→ Aim of the task:
What is printed must match, line for line, the records from their first line through the line containing "2300 Old Spanish", with pictures left out.

##### Source material #####

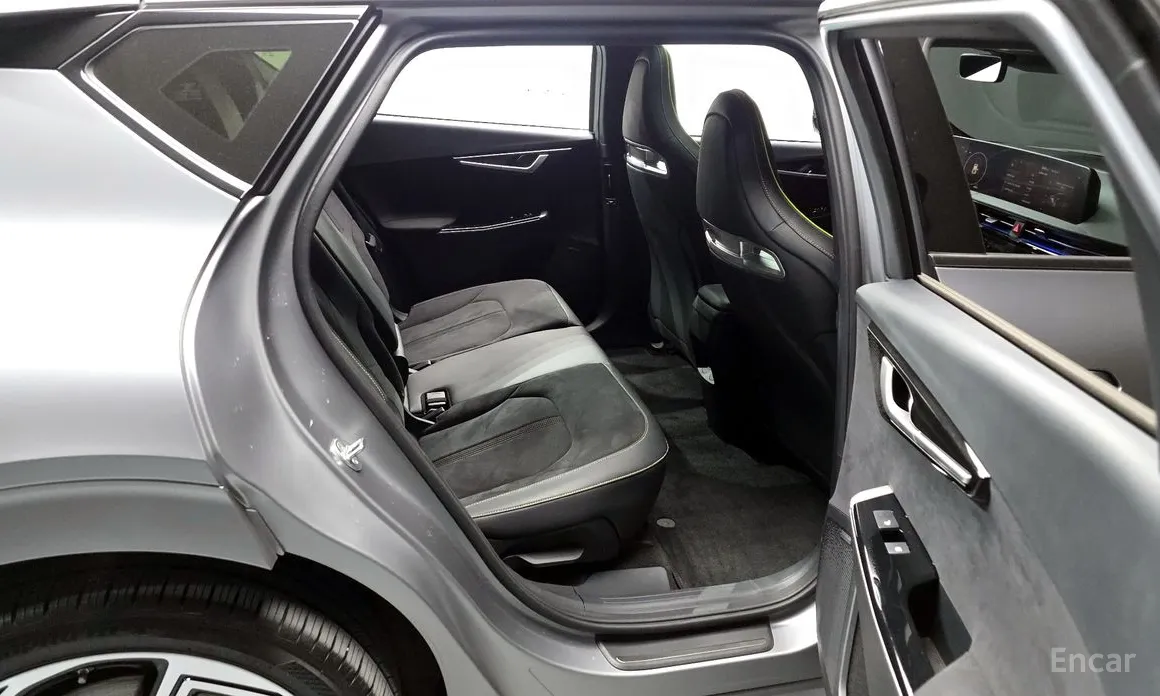 Фото 12 - Kia EV6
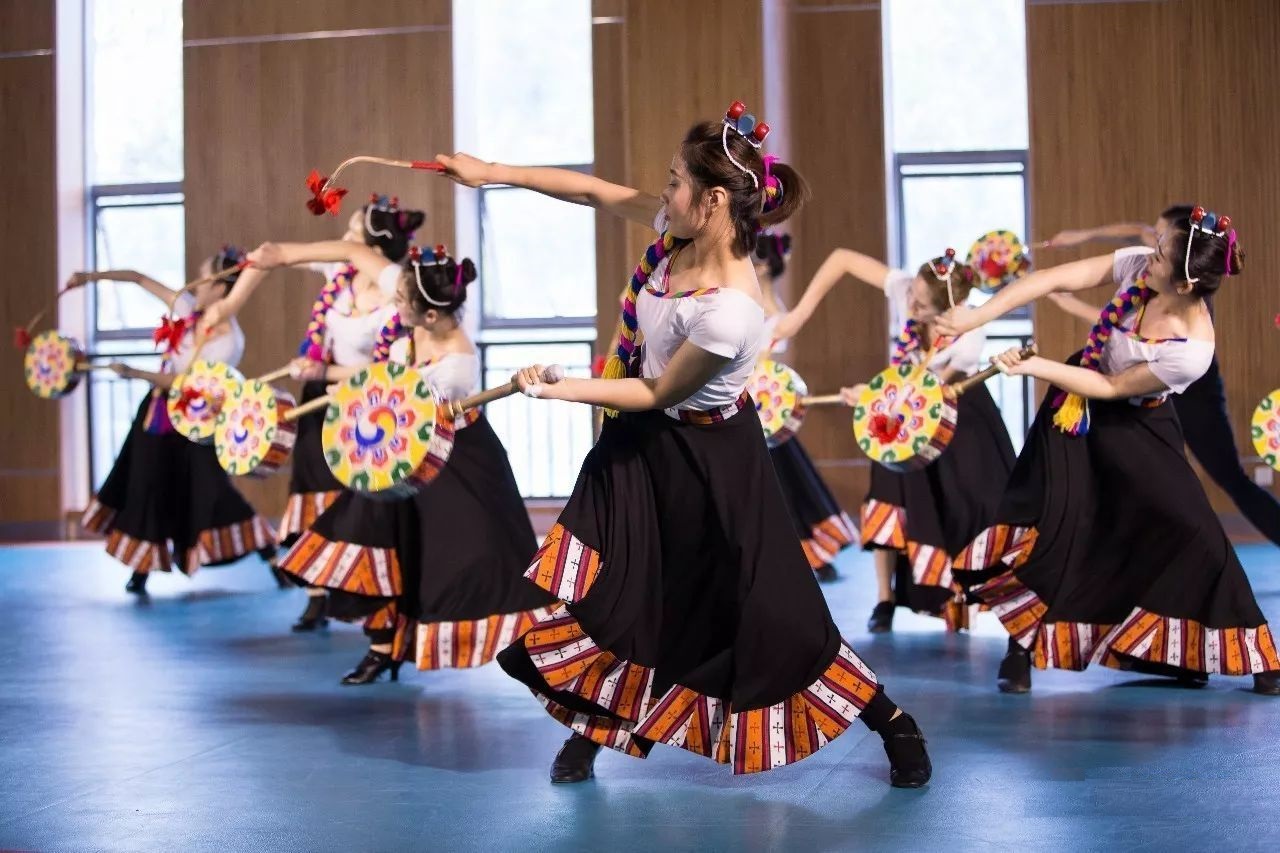 西藏热巴舞,青藏高原上的一朵绮丽的花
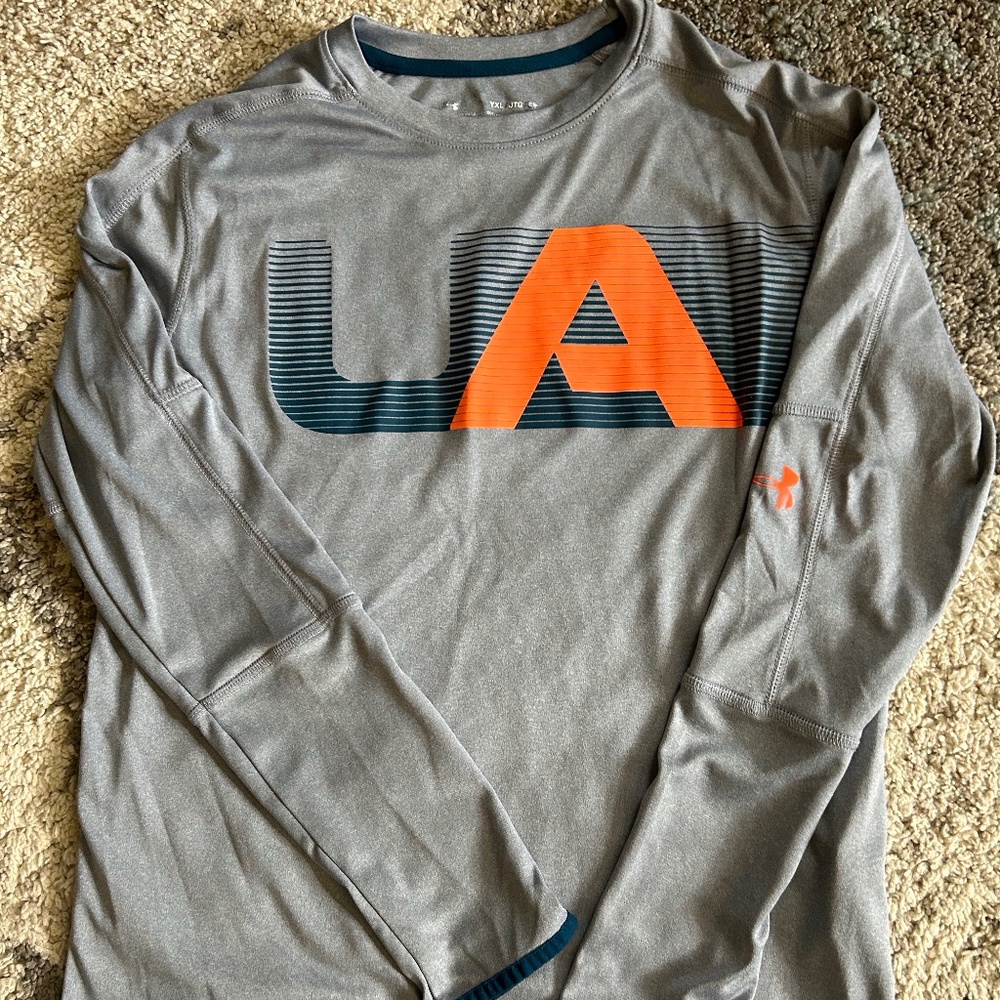 Under Armour long sleeve shirt, boys youth XL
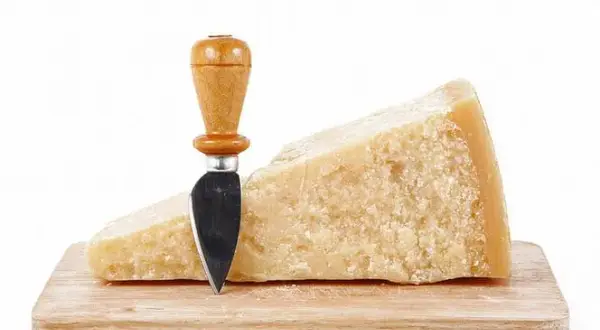 Parmezan do czego? Odkryj wyjątkowe zastosowania w kuchni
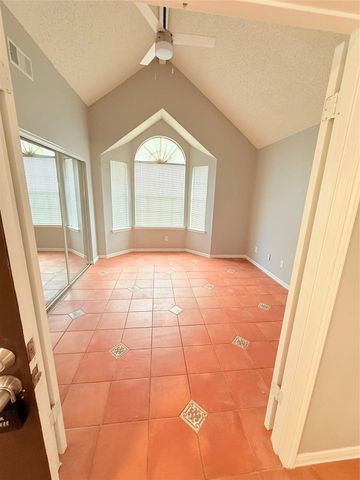 2300 Old Spanish Trail 1118, Houston, TX 77054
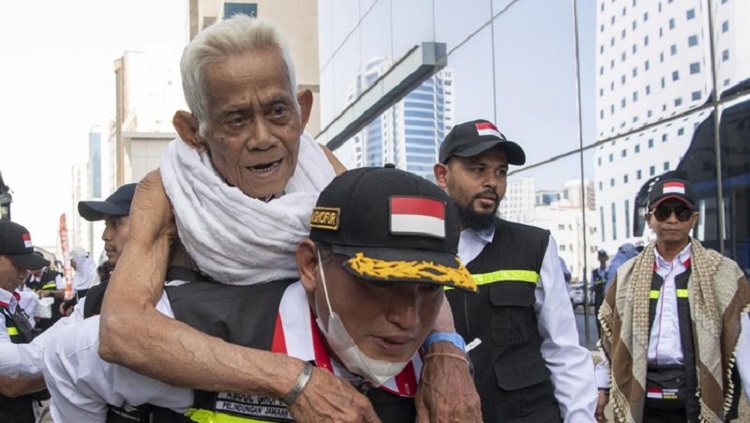 Haji 2023 kali ini menjadi haji yang sangat berharga bagi para jamaah lansia. Terlihat Rabu (14/06/2023) kemarin, petugas haji 2023 benar-benar melayani jemaah haji lansia di tanah suci seperti orang tua sendiri. Rela menggendong jemaah haji Lansia. SP/Me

#####

→ Result for this task:
 Фото 12 - Kia EV6
 西藏热巴舞,青藏高原上的一朵绮丽的花
 Under Armour long sleeve shirt, boys youth XL
 Parmezan do czego? Odkryj wyjątkowe zastosowania w kuchni
 2300 Old Spanish Trail 1118, Houston, TX 77054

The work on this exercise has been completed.